There are no agreements between the company and any selling shareholder pursuant to which the shares subject to this registration statement were issued.
 
To our knowledge, none of the selling shareholders or their beneficial owners:

has had a material relationship with us other than as a shareholder at any time within the past three years; or
has ever been one of our officers or directors or an officer or director of our predecessors or affiliates; or
are broker-dealers or affiliated with broker-dealers. 

PLAN OF DISTRIBUTION

The selling security holders may sell some or all of their shares at a fixed price of $0.25 per share until our shares are quoted on the OTCBB and thereafter at prevailing market prices or privately negotiated prices. Prior to being quoted on the OTC Bulletin Board, shareholders may sell their shares in private transactions to other individuals. Although our common stock is not listed on a public exchange, we will be filing to obtain a listing on the OTCBB concurrently with the filing of this prospectus. In order to be quoted on the OTC Bulletin Board, a market maker must file an application on our behalf in order to make a market for our common stock. There can be no assurance that a market maker will agree to file the necessary documents with FINRA, which operates the OTC Bulletin Board, nor can there be any assurance that such an application for quotation will be approved. However, sales by selling security holder must be made at the fixed price of $0.25 until a market develops for the stock. 
 
Once a market has developed for our common stock, the shares may be sold or distributed from time to time by the selling stockholders, who may be deemed to be underwriters, directly to one or more purchasers or through brokers or dealers who act solely as agents, at market prices prevailing at the time of sale, at prices related to such prevailing market prices, at negotiated prices or at fixed prices, which may be changed. The distribution of the shares may be effected in one or more of the following methods:
 
ordinary brokers transactions, which may include long or short sales,
transactions involving cross or block trades on any securities or market where our common stock is trading, market where our common stock is trading,
through direct sales to purchasers or sales effected through agents,
through transactions in options, swaps or other derivatives (whether exchange listed of otherwise), or exchange listed or otherwise), or
any combination of the foregoing.

In addition, the selling stockholders may enter into hedging transactions with broker-dealers who may engage in short sales, if short sales were permitted, of shares in the course of hedging the positions they assume with the selling stockholders.

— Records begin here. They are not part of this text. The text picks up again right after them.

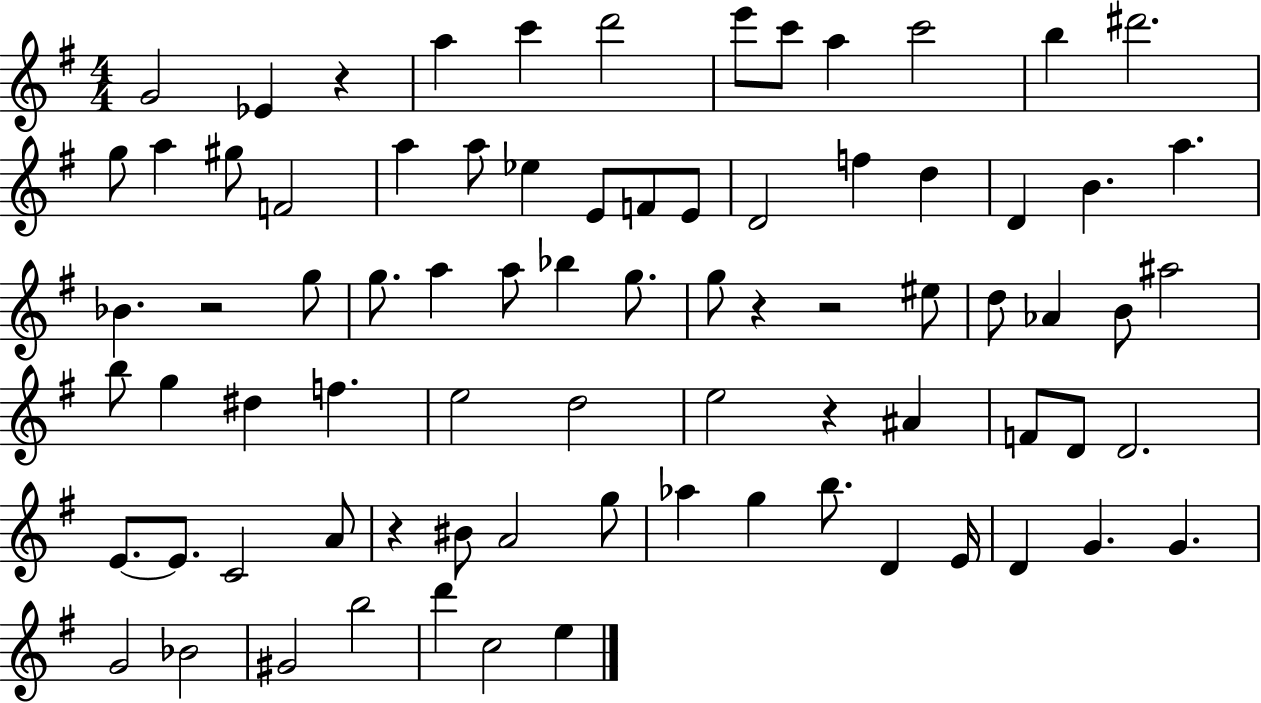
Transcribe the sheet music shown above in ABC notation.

X:1
T:Untitled
M:4/4
L:1/4
K:G
G2 _E z a c' d'2 e'/2 c'/2 a c'2 b ^d'2 g/2 a ^g/2 F2 a a/2 _e E/2 F/2 E/2 D2 f d D B a _B z2 g/2 g/2 a a/2 _b g/2 g/2 z z2 ^e/2 d/2 _A B/2 ^a2 b/2 g ^d f e2 d2 e2 z ^A F/2 D/2 D2 E/2 E/2 C2 A/2 z ^B/2 A2 g/2 _a g b/2 D E/4 D G G G2 _B2 ^G2 b2 d' c2 e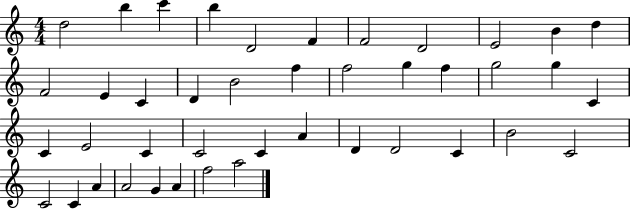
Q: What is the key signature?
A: C major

The selling stockholders may also enter into option or other transactions with broker-dealers that require the delivery by such broker-dealers of the shares, which shares may be resold thereafter pursuant to this prospectus. To our best knowledge, none of the selling security holders are broker-dealers or affiliates of broker dealers.
 
We will advise the selling security holders that the anti-manipulation rules of Regulation M under the Exchange Act may apply to sales of shares in the market and to the activities of the selling security holders and their affiliates. In addition, we will make copies of this prospectus (as it may be supplemented or amended from time to time) available to the selling security holders for the purpose of satisfying the prospectus delivery requirements of the Securities Act. The selling security holders may indemnify any broker-dealer that participates in transactions involving the sale of the shares against certain liabilities, including liabilities arising under the Securities Act.

 
8

 
 
Brokers, dealers, or agents participating in the distribution of the shares may receive compensation in the form of discounts, concessions or commissions from the selling stockholders and/or the purchasers of shares for whom such broker-dealers may act as agent or to whom they may sell as principal, or both (which compensation as to a particular broker-dealer may be in excess of customary commissions). Neither the selling stockholders nor we can presently estimate the amount of such compensation. We know of no existing arrangements between the selling stockholders and any other stockholder, broker, dealer or agent relating to the sale or distribution of the shares. We will not receive any proceeds from the sale of the shares of the selling security holders pursuant to this prospectus. We have agreed to bear the expenses of the registration of the shares, including legal and accounting fees, and such expenses are estimated to be approximately $50,000.
 
Notwithstanding anything set forth herein, no FINRA member will charge commissions that exceed 8% of the total proceeds of the offering.
 
DESCRIPTION OF SECURITIES

General
 
We are authorized to issue an aggregate number of 100,000,000 shares of capital stock, of which 100,000,000 shares are common stock, $0.00001 par value per share. We do not have any preferred stock authorized.

Common Stock
 
We are authorized to issue 100,000,000 shares of common stock, $0.001 par value per share. Currently we have 10,404,666 shares of common stock issued and outstanding. 
 
Each share of common stock shall have one (1) vote per share for all purpose. Our common stock does not provide a preemptive, subscription or conversion rights and there are no redemption or sinking fund provisions or rights. Our common stock holders are not entitled to cumulative voting for election of Board of Directors.

Dividends
 
We have not paid any cash dividends to our shareholders.  The declaration of any future cash dividends is at the discretion of our board of directors and depends  upon our earnings, if any, our capital requirements and financial position, our general economic conditions, and other pertinent conditions.  It is our present intention not to pay any cash dividends in the foreseeable future, but rather to reinvest earnings, if any, in our business operations.

Warrants
 
There are no outstanding warrants to purchase our securities.

Options
 
There are no outstanding options to purchase our securities.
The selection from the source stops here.